BEGIN
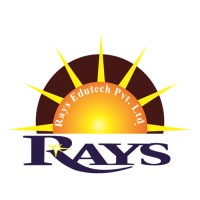 Rays Edutech Private Limited logo - Similar company to Edjuris®
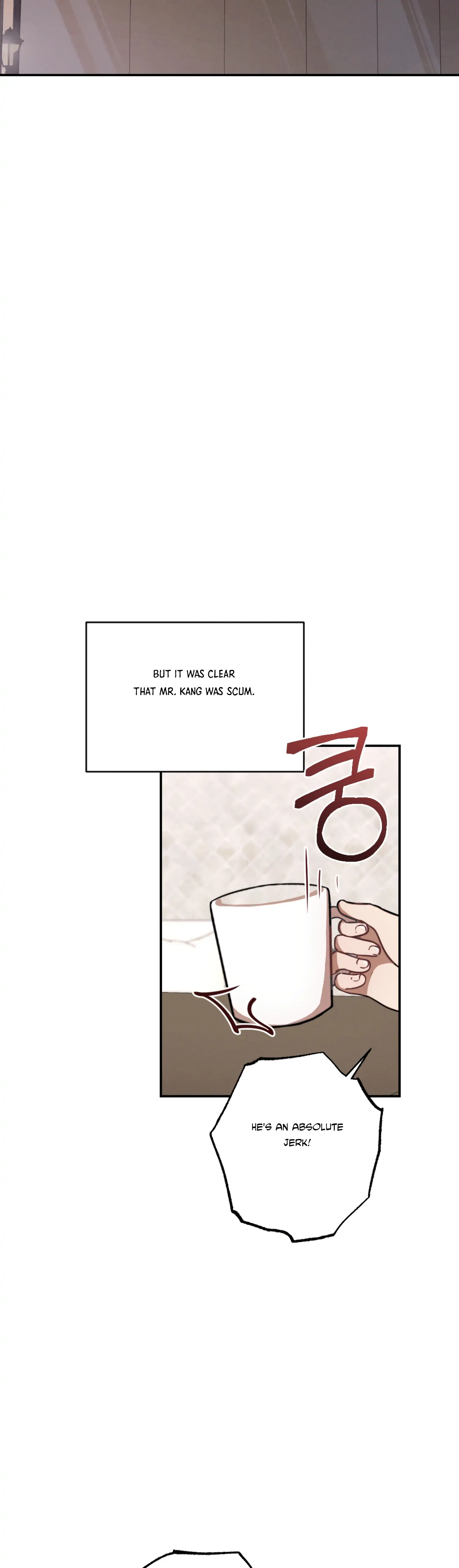 More! Intimate Connection Chapter 33 - Page 34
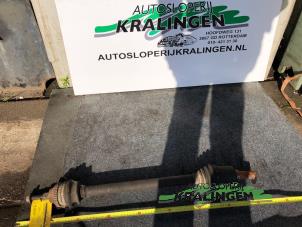 Used Front drive shaft, right Smart Fortwo Price € 50,00 Margin scheme offered by Autosloperij Kralingen B.V.
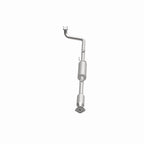 MagnaFlow Direct Fit Catalytic Converter 18-19 Hyundai Kona L4 OEM Underbody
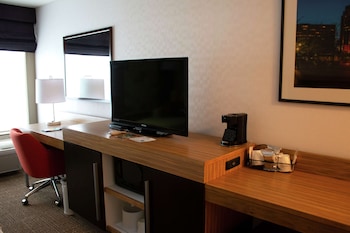Room, 1 King Bed, Non Smoking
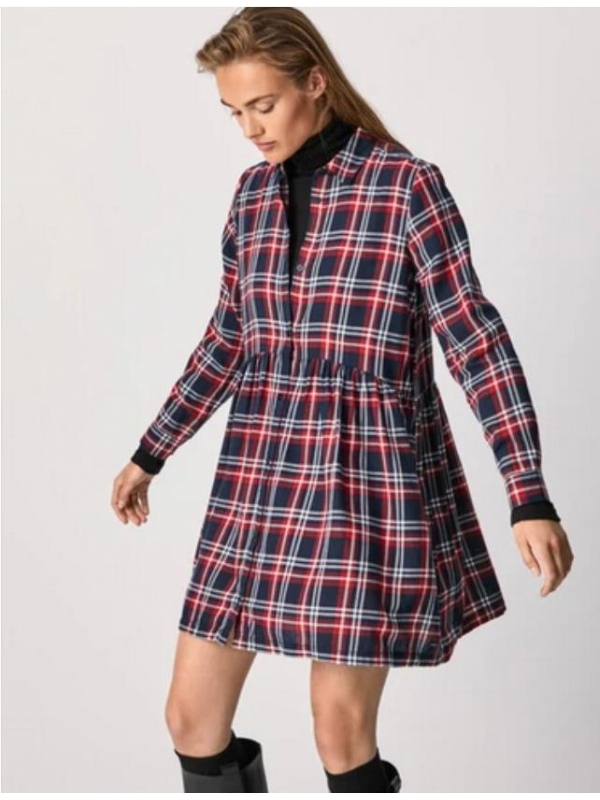 Vestido PEPE JEANS KATIA...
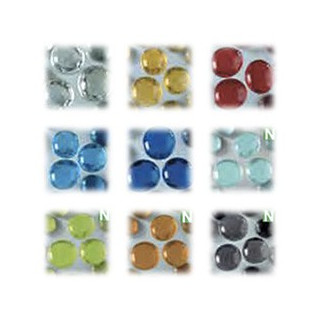 Efco - Mosaic - Glass Nuggets - 18/20 mm - 20/30 Pieces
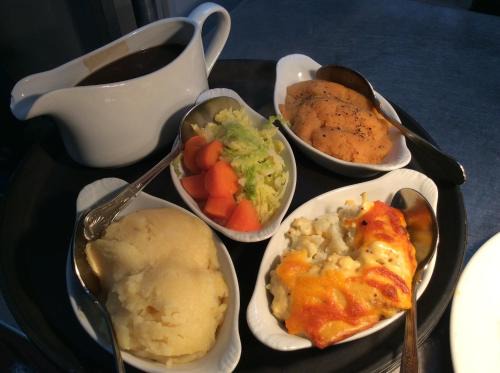 Glaisdale Bed & Breakfast | Arncliffe Arms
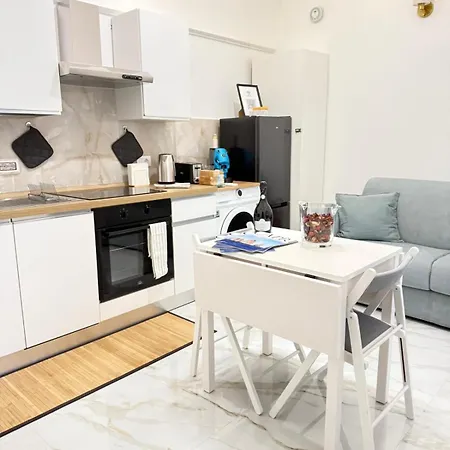 Apartament Terry's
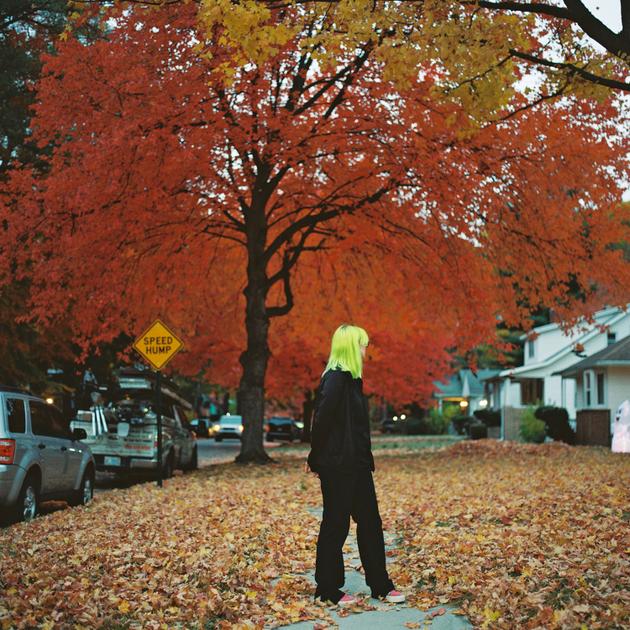 DJ, assistante médicale dans un Planning familial du Michigan, le 24 octobre.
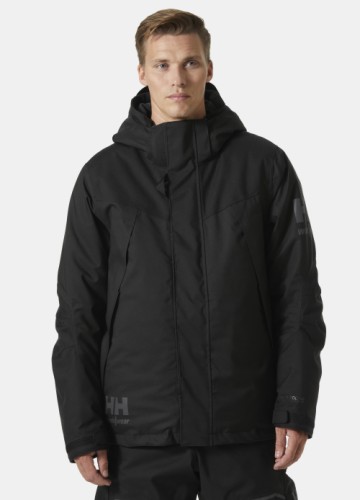 Bifrost Winter Jacket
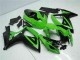 2006-2007 Blue Suzuki GSXR 600/750 Motorbike Fairing & Plastics 2006-2007 Blue Suzuki GSXR 600/750 Motorbike Fairing & Plastics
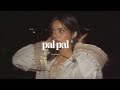 Pal Pal Slowed Reverb Afusic X Talwiinder AliSoomroMusic Also Holic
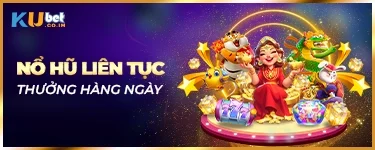 Banner Khuyến Mãi KUBET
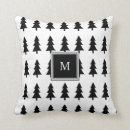 Search for black christmas tree cushions Modern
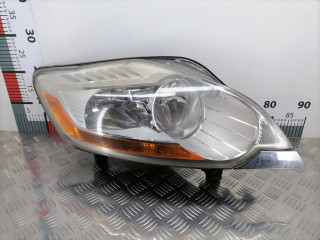 фара правая Ford Kuga 1 поколение 2011, 2.0 л., МКПП, внедорожник 5 дв.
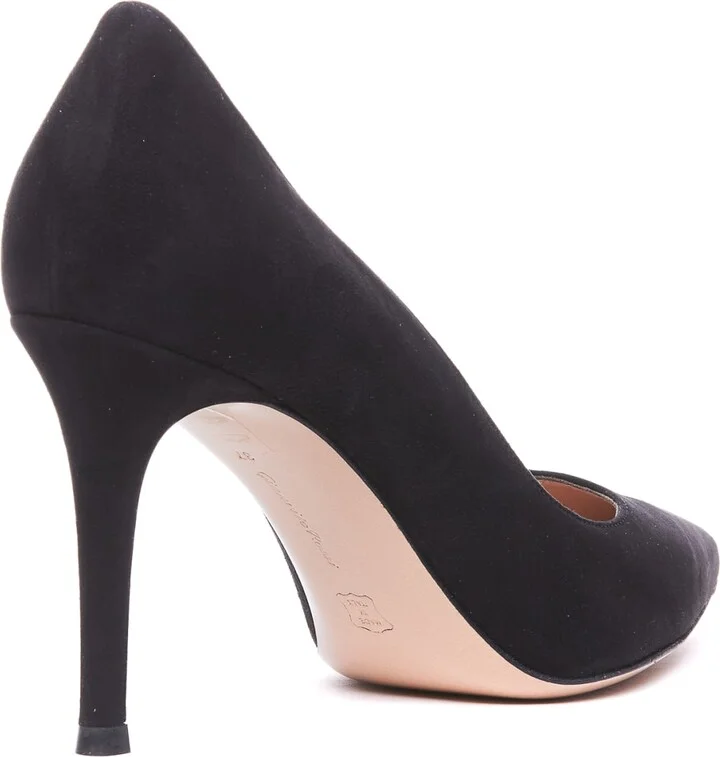 Gianvito 85 Pumps - Image 2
END
- **Exercise requirements**: Each record above must be retyped exactly, minus its pictures.

- **Exercise solution**:
 Rays Edutech Private Limited logo - Similar company to Edjuris®
 More! Intimate Connection Chapter 33 - Page 34
 Used Front drive shaft, right Smart Fortwo Price € 50,00 Margin scheme offered by Autosloperij Kralingen B.V.
 MagnaFlow Direct Fit Catalytic Converter 18-19 Hyundai Kona L4 OEM Underbody
Room, 1 King Bed, Non Smoking
 Vestido PEPE JEANS KATIA...
 Efco - Mosaic - Glass Nuggets - 18/20 mm - 20/30 Pieces
 Glaisdale Bed & Breakfast | Arncliffe Arms
 Apartament Terry's
 DJ, assistante médicale dans un Planning familial du Michigan, le 24 octobre.
 Bifrost Winter Jacket
 2006-2007 Blue Suzuki GSXR 600/750 Motorbike Fairing & Plastics 2006-2007 Blue Suzuki GSXR 600/750 Motorbike Fairing & Plastics
 Pal Pal Slowed Reverb Afusic X Talwiinder AliSoomroMusic Also Holic
 Banner Khuyến Mãi KUBET
 Search for black christmas tree cushions Modern
 фара правая Ford Kuga 1 поколение 2011, 2.0 л., МКПП, внедорожник 5 дв.
 Gianvito 85 Pumps - Image 2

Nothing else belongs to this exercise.